Literature DB >> 9203546

Effects of age and sociosexual experience on the morphology and metabolic capacity of brain nuclei in the leopard gecko (Eublepharis macularius), a lizard with temperature-dependent sex determination.

D Crews1, P Coomber, F Gonzalez-Lima.   

Abstract

In vertebrates having sex chromosomes, sexual behavior is influenced by steroid hormones throughout life as well as by the cumulative experiences of the individual. Because males and females differ genetically as well as hormonally, it would be valuable to distinguish the contribution of sex-specific genes from hormones. In addition, since animals age as they gain sociosexual experience, but do not necessarily gain sociosexual experience as they age, it is important to separate the effects of age from those attributable to experience. The leopard gecko is a lizard lacking sex chromosomes, depending instead upon the temperature during incubation to establish gonadal sex. This effectively removes sex-specific genetic influences from any study of sexual differentiation. Eggs were incubated at either 26 degrees C or 32.5 degrees C, temperatures that produce only female hatchlings or a male-biased sex ratio, respectively.
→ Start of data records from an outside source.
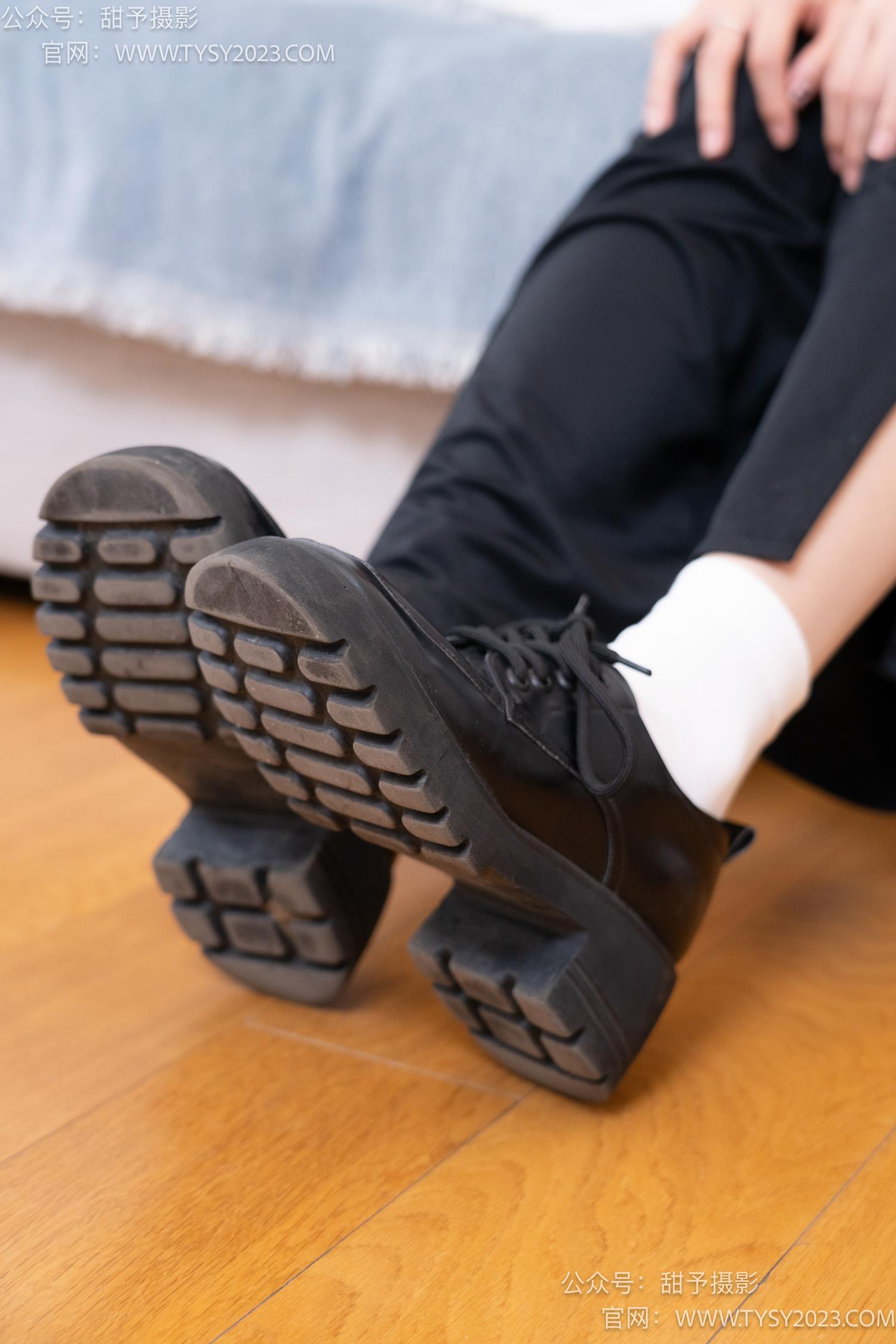 图片[127]-甜予摄影 NO.054 雪梨-皮鞋、白棉袜、肉丝[130P] – 速更版-美库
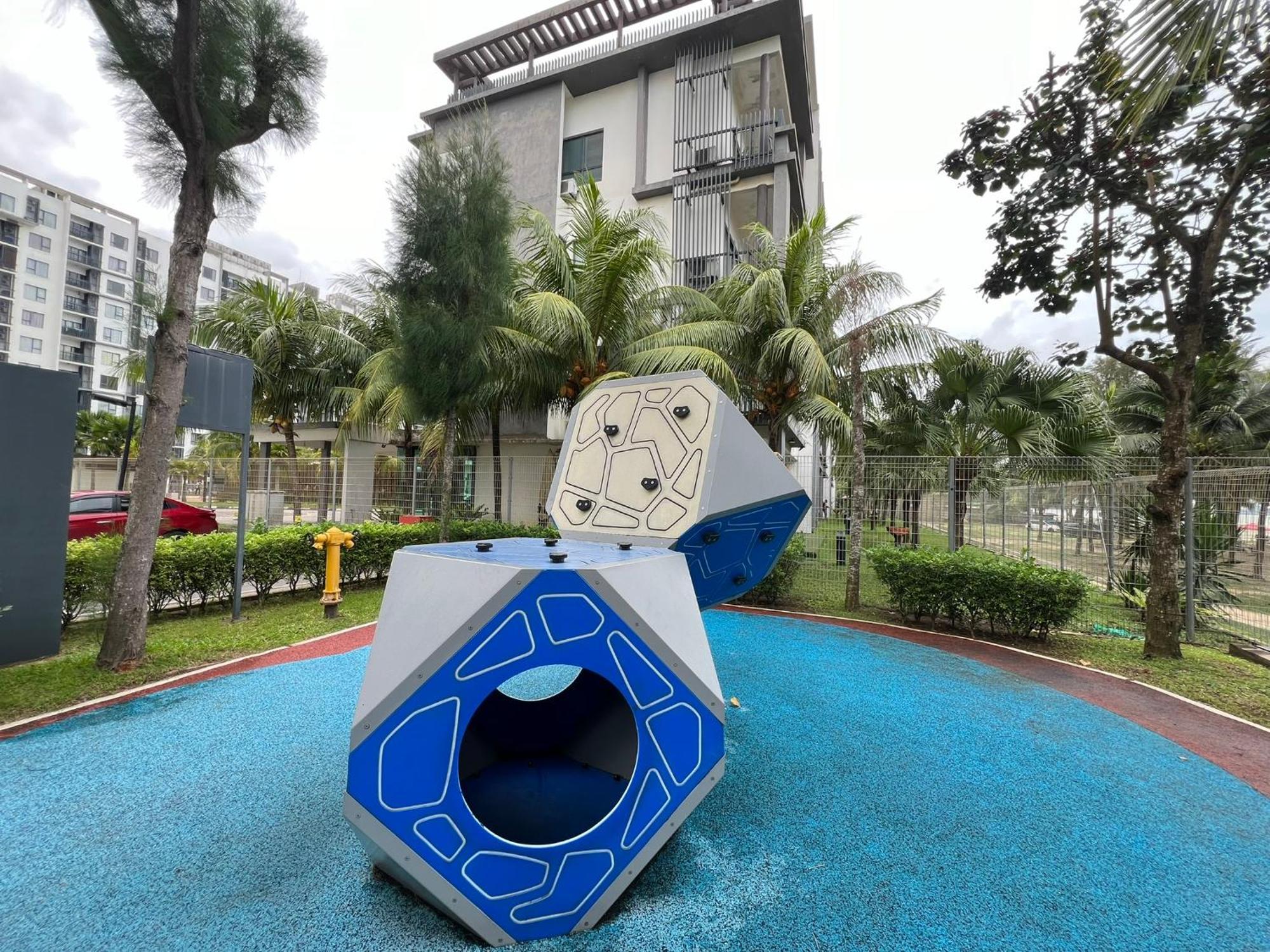 Vitaminsea Seaview 6Pax Studio Netflix B-7-03 Kuantan Exterior foto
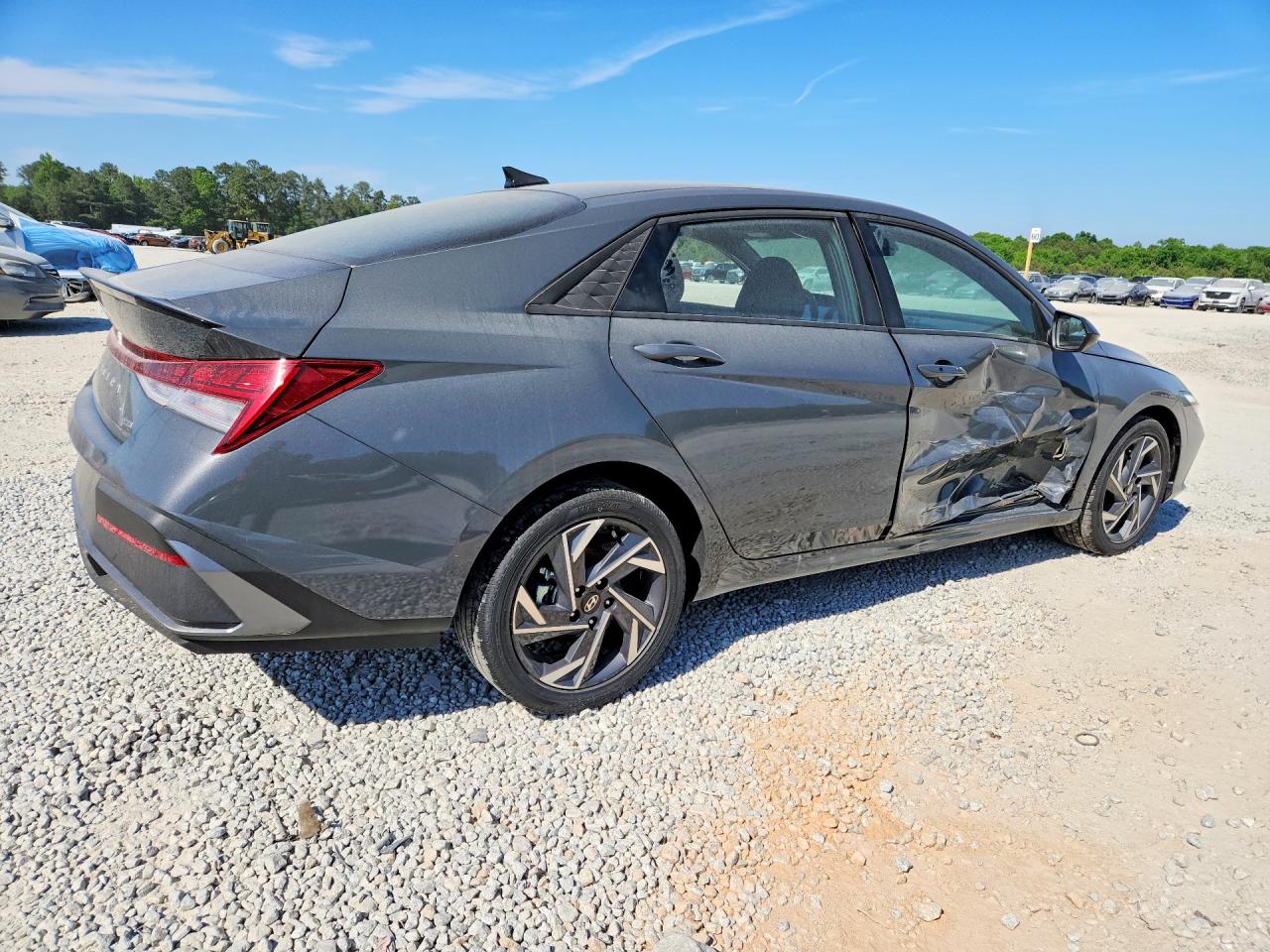 HYUNDAI ELANTRA HYBRID 2025 — 4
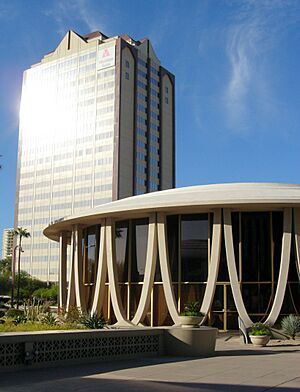 Archivo:FLWright Phoenix AZ Center Osborn 1120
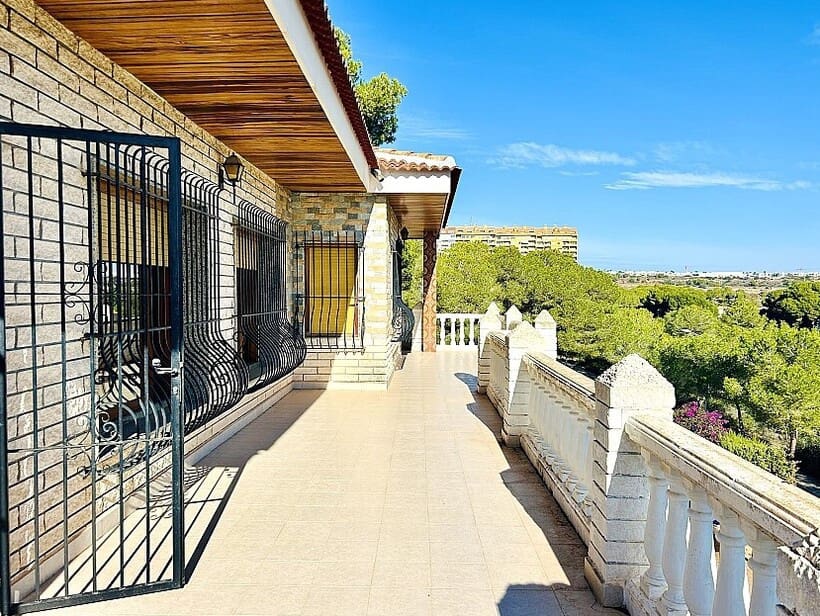 10 soveværelse Villa til salg i Campoamor med swimmingpool garage - € 1.100.000 (Ref: 10172557)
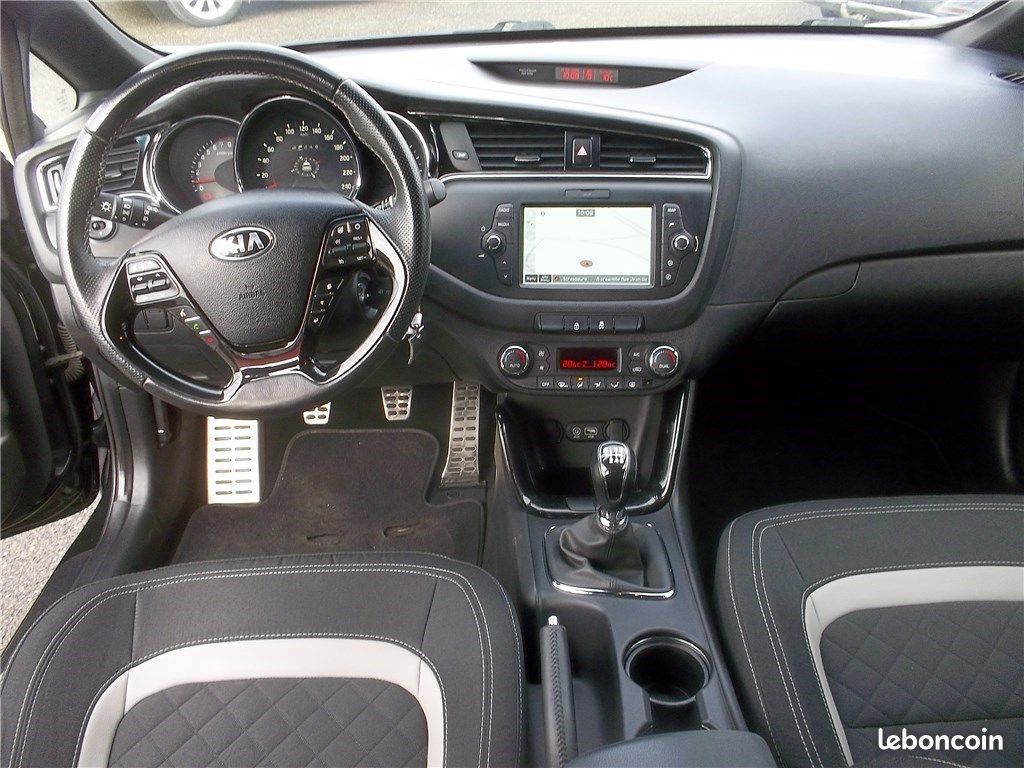 Kia CEED III SW 1.0 T-GDI 120 CH ISG BVM6 GT Line (image 3)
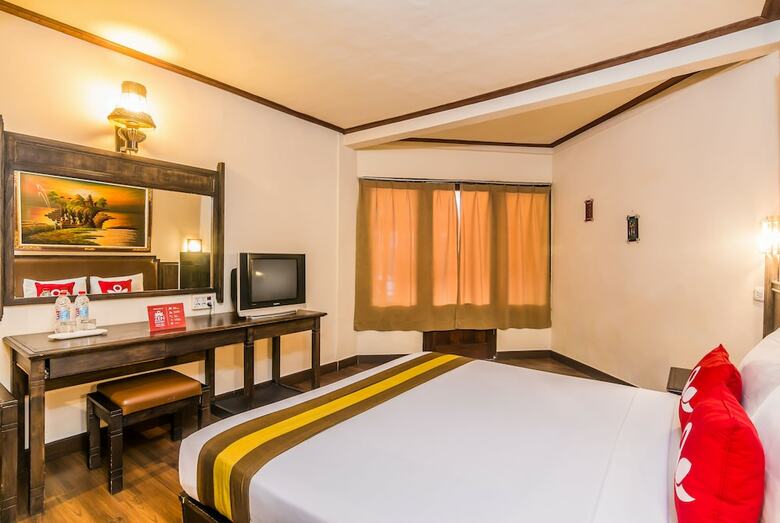 Hotel Zen Rooms Kuta Flora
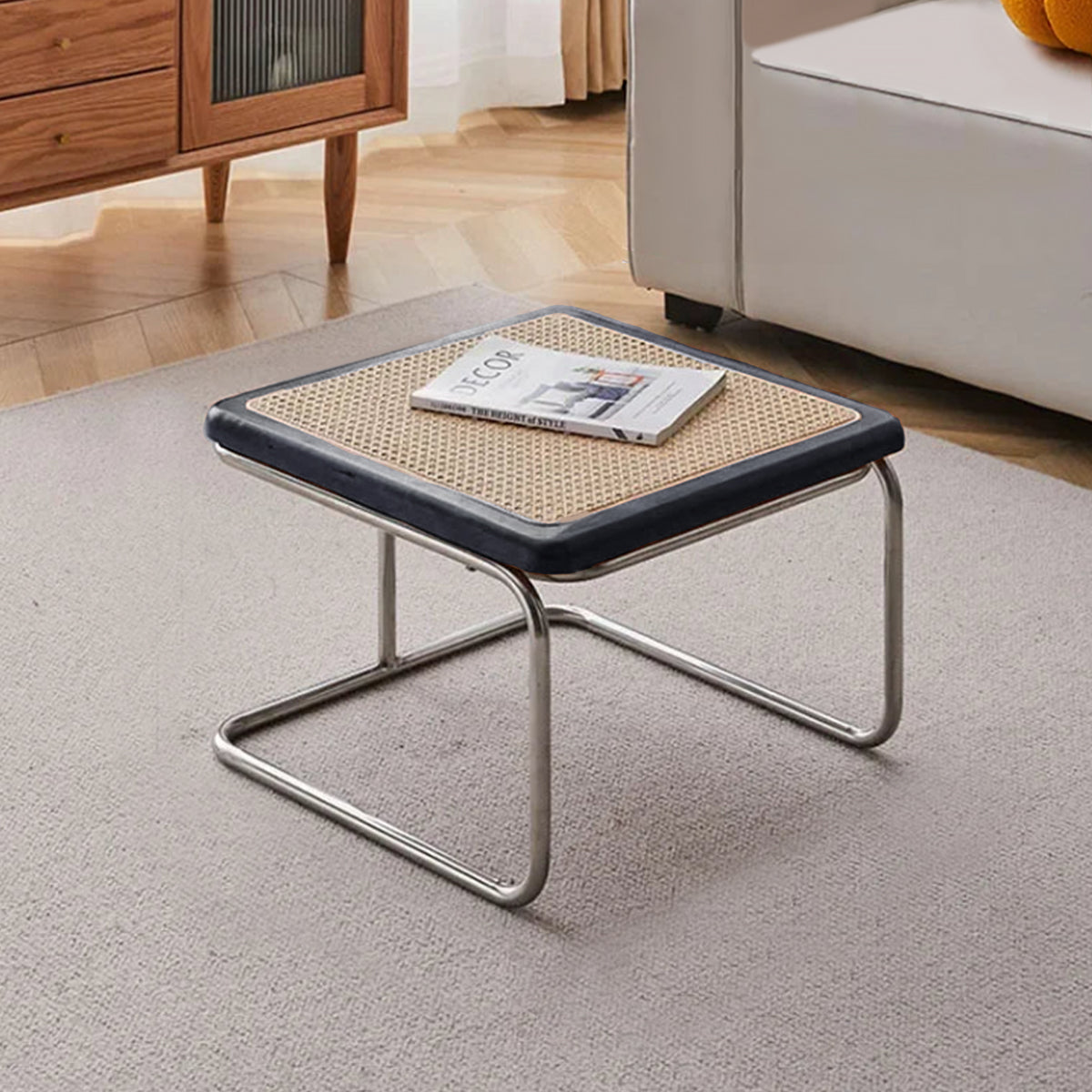 Solvia Cane | Runder Couchtisch aus Rattan mit Glasplatte im Mid-Century-Stil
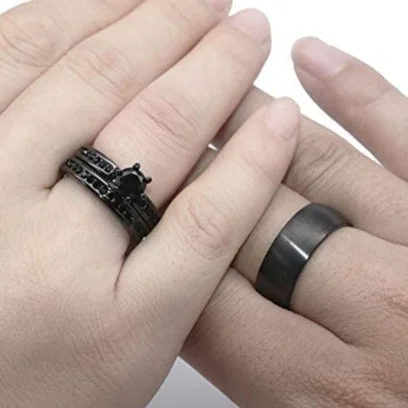 'Black Lightning' Rings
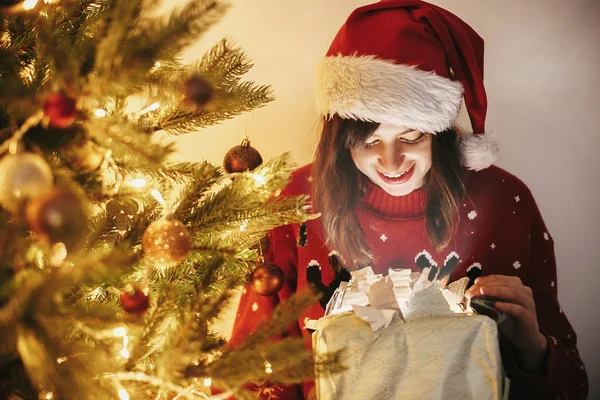 Счастливая Девушка Шляпе Санты Открывает Волшебную Рождественскую Подарочную Коробку Золотую — стоковое фото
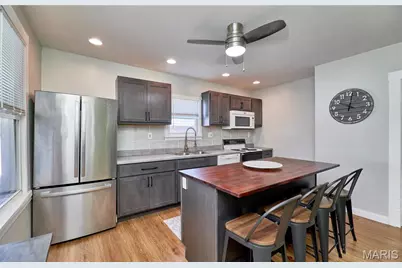 8615 Mackenzie Road, Saint Louis, MO 63123 - Photo 3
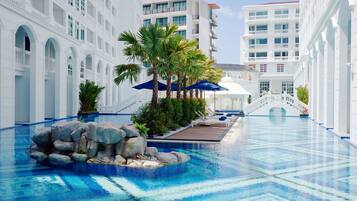 Piscine extérieure, parasols de plage, chaises longues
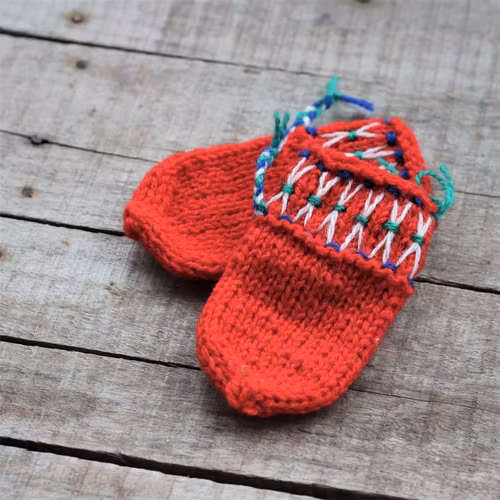 Ullvantar - För Baby Röda m Vitt Kryss Blå Söm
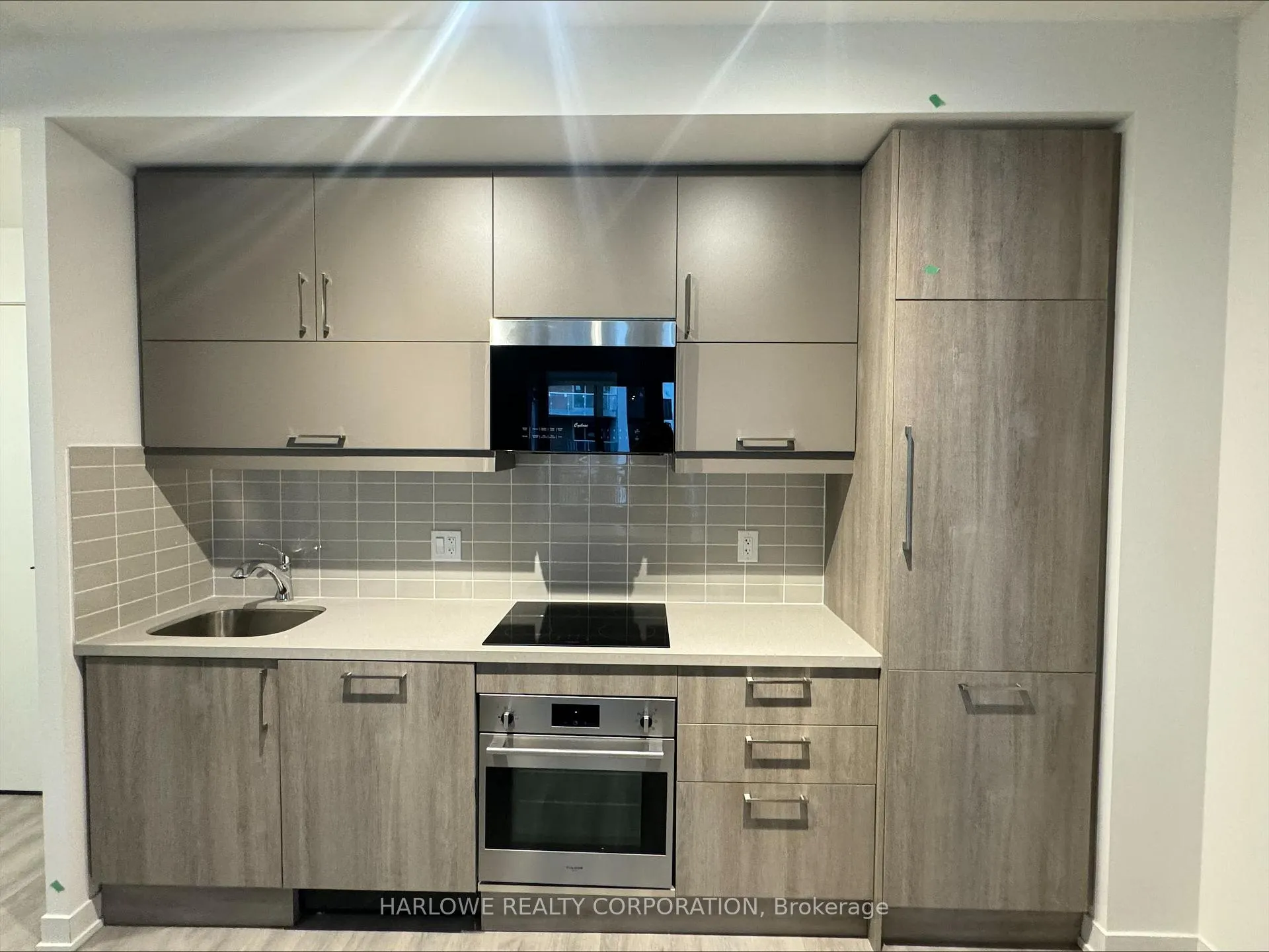 Photo 2 of Unit 930 A, 8119 Birchmount Road, Markham, Unionville — HOMEH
By raising geckoes in isolation and then housing some animals together in breeding groups at different ages after they attained sexual maturity, it was possible to assess the relative effects of age and sociosexual experience on the volume and metabolic capacity of limbic and non-limbic brain areas. In general, males showed more changes compared to females. For example, there was a decrease with age in the volume of the preoptic area and the ventromedial hypothalamus in males, but not in females. Both age and sociosexual experience influenced cytochrome oxidase activity in these and other brain areas. Experienced animals had greater metabolic capacity in nuclei functionally associated with sociosexual behavior in lizards and other vertebrates. For example, cytochrome oxidase activity was higher in the anterior hypothalamus of males, in the ventromedial hypothalamus of both males and females from the male-biased incubation temperature, and in the preoptic area of females from both incubation temperatures. These differences were not paralleled by differences in circulating levels of sex hormones; only plasma androgen levels differed as a function of experience in males. These data suggest that the volume and metabolic capacity of specific brain regions change as animals age and gain sociosexual experience, but the nature and degree of change depend upon prenatal events.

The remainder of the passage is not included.